I often regret that my memory should have retained so few of the traditional tales & proverbial expressions which I heard from him, more certainly than from all other persons in the course of my life. Some of them have been lately recalled to my recollection by Grimms Collection.
What little his mind had <was capable of> receiving it had retained tenaciously, & of these things it had a rich store. His death involved Miss Tyler in a vexatious litigation with her only surviving brother of the whole blood.
My poor Uncle William for a year or two before frequently pr wrote his name – (which was all he could write,) by way of practising before he <was to> signed a will, which it was intended he should make to prevent this claim upon his little property. This necessary business was put off till it was too late. All that he had was in his sisters hands: morally it ought upon his demise to have been hers, & actually she was unable to pay the half which John Tyler demanded.
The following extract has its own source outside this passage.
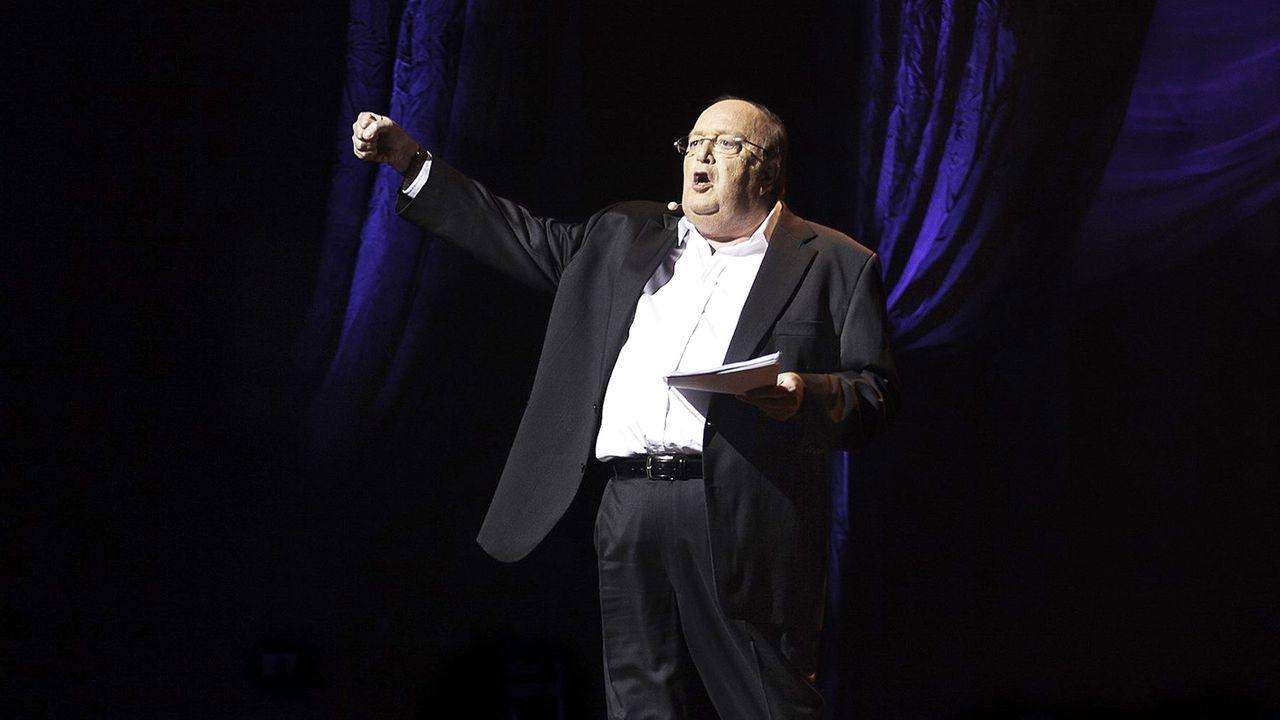 Bernard Mabille - De la tête aux pieds backdrop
A suit was instituted against her, which was terminated by his death. His latter years had been the only unreproachable part of his life. A kinsman <(father of that Dr Lamb who proscribed meat & drink)>
had recovered his half pay for him from the Jews, & upon that pittance he lived, inhabiting a small cottage in the village of Dilwyn, within a hundred yards of that Mansion house which would but but for his own improvidence & prodigality he would have inherited.
Upon his death Miss Tyler became the sole survivor of the family her paternal race.